The principles for how genes are activated and inactivated are known but from a genomic perspective our knowledge is very limited. Each cell type has a unique set of active genes that are regulated by the action of a collection of the 2000 transcription factors and other nuclear proteins that bind the DNA molecule.
Until recently this could only be studied in vitro and for parts of genes. We use chromatin immunoprecipitation (ChIP) to study this in vivo. For detection we have developed efficient massive parallel sequencing (ChIP-seq) techniques, which allows us to interrogate the whole genome.
The traditional view of a gene, with a single beginning and end, has been challenged and in addition to the previously known enhancers and other distant regulatory elements, multiple promoters and complex alternative splicing has been found. We therefore annotate all identified DNA-protein interactions relative to everything that is known about the genome.

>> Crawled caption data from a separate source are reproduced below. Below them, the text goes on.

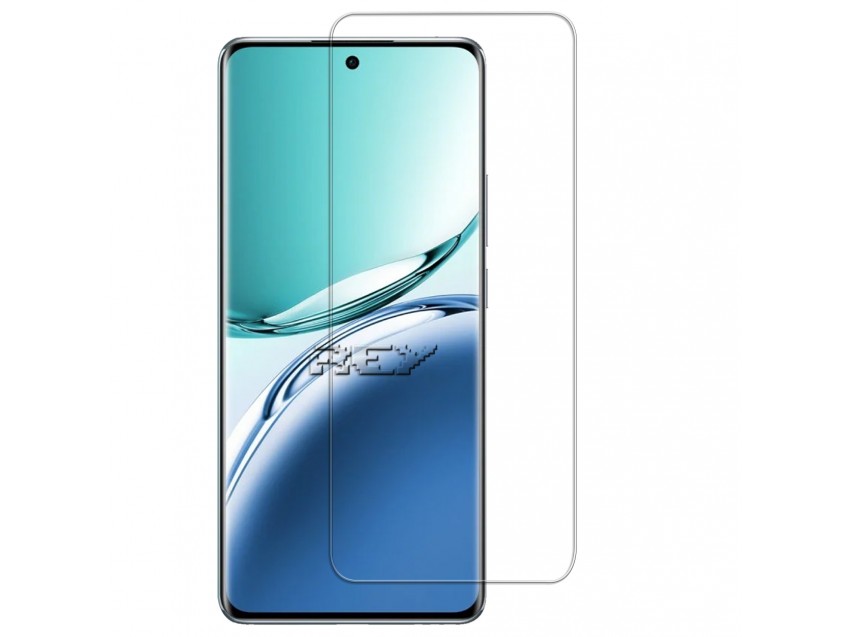 Protector Pantalla OPPO A3x 4G Cristal Templado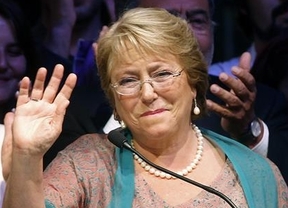 Bachelet desistió de viajar a la cumbre del Mercosur 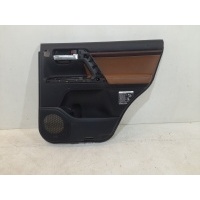 обшивка двери Toyota Land Cruiser 200 2012-2021 PZ31360311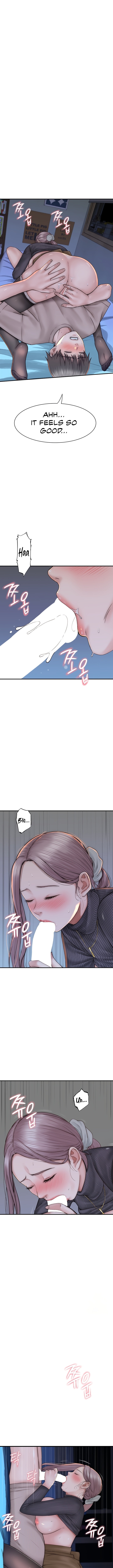 Addicted to My Stepmom - Chapter 23 Page 8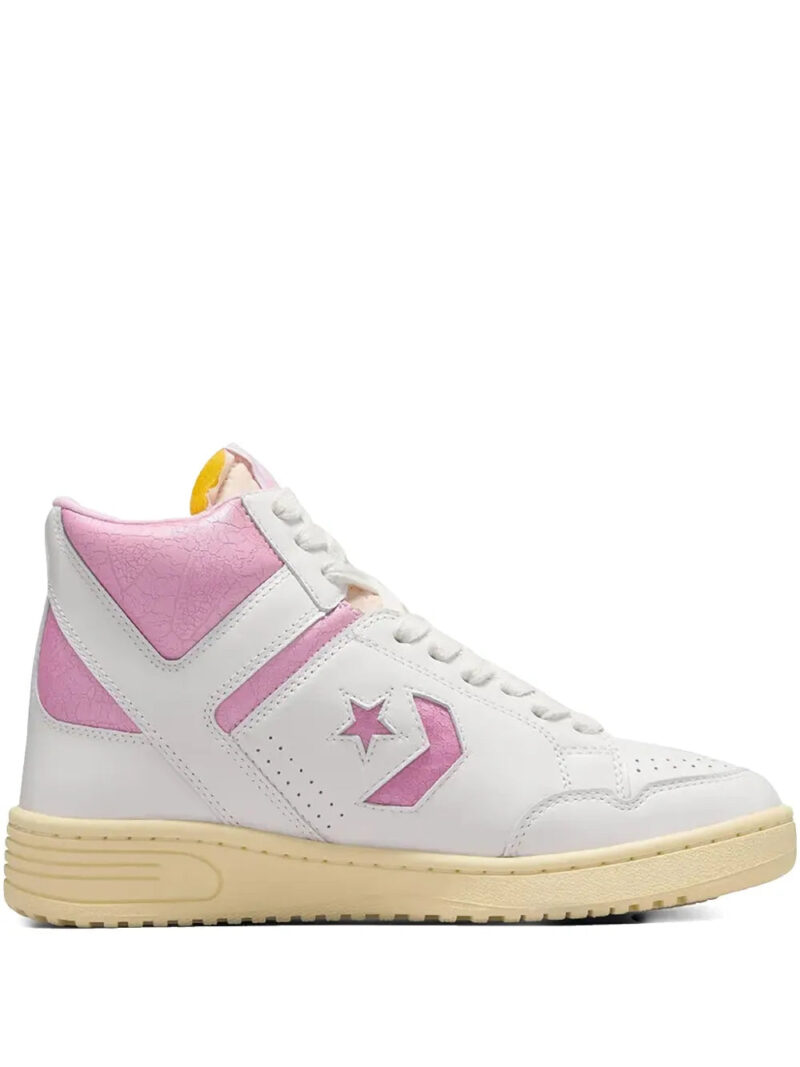 Converse  x Shai Gilgeous-Alexander Shai Weapon sneakers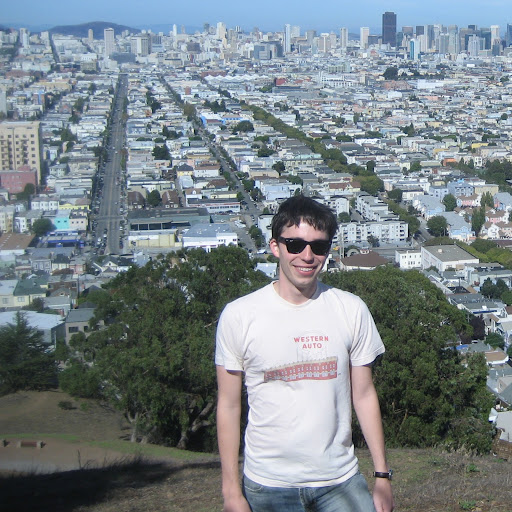 Zachary Hart Photo 15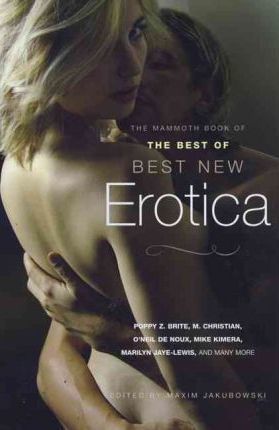 [9780762444359-1] The Best Of Best New Erotica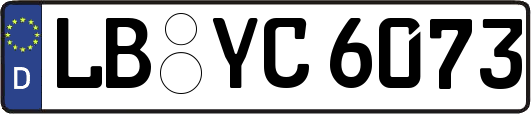 LB-YC6073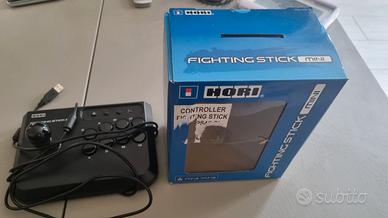 K0321NN-Hori Fighting Stick Mini PS4-PS3 Boxato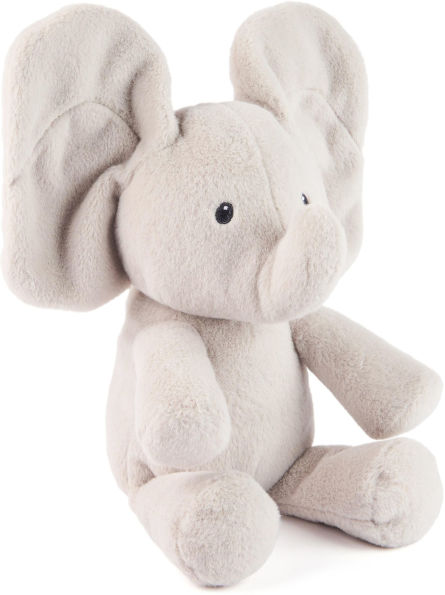 GUND Peek-a-Boo Flappy Handheld
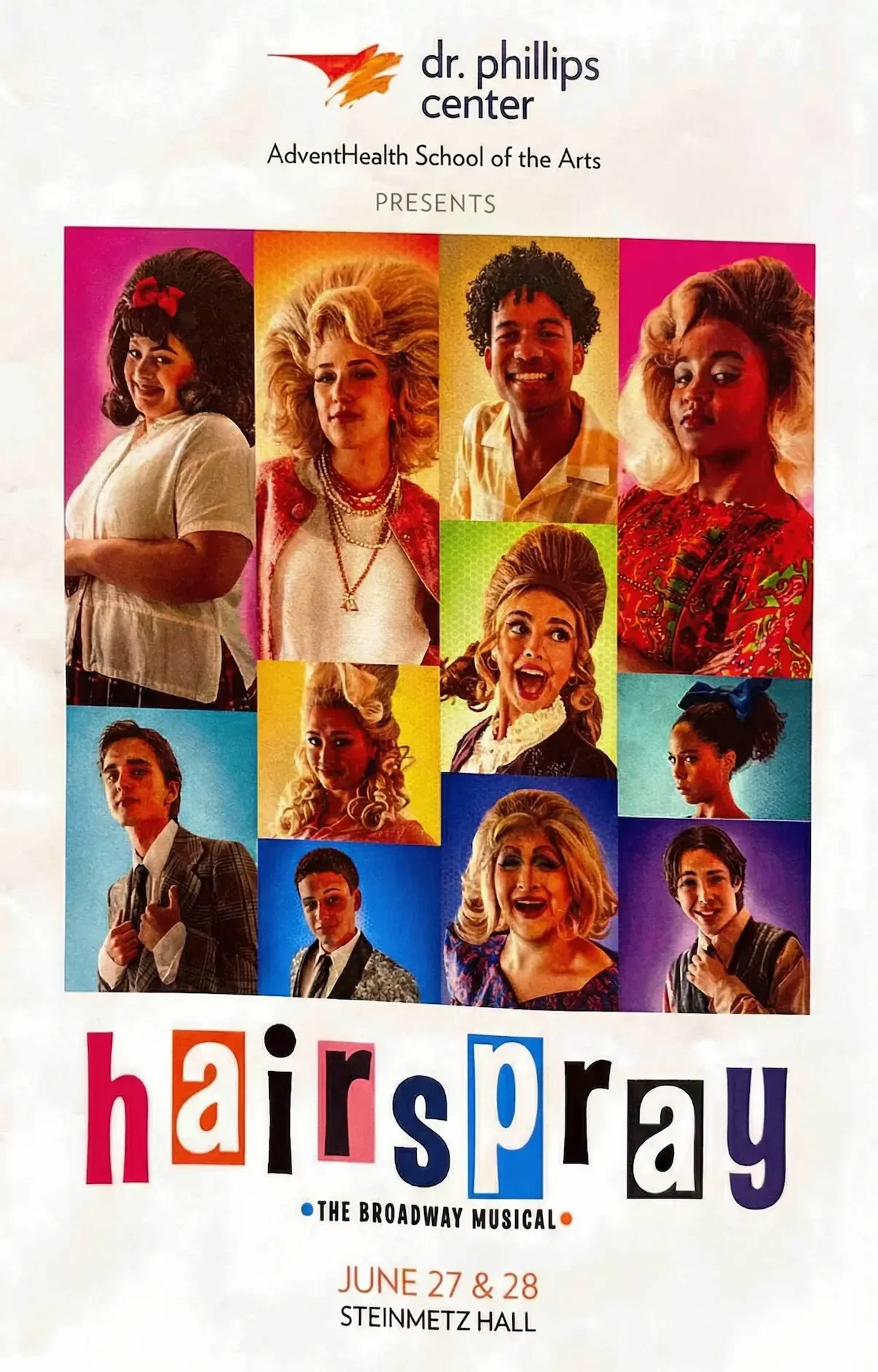 hairspreaybill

Revealing mechanisms behind diseases
These studies generate massive amounts of data and in order to fully explore the information we develop new informatics strategies and collaborate with specialists in the field. The methods can be used to reveal the mechanisms for common diseases and cancer. We have started to explore this in liver cells and immune cells and have found hundreds of regulatory variants that likely explain association to common metabolic and autoimmune diseases. We have also characterized a large collection of regulatory variants that are excellent candidates to contribute to cancer.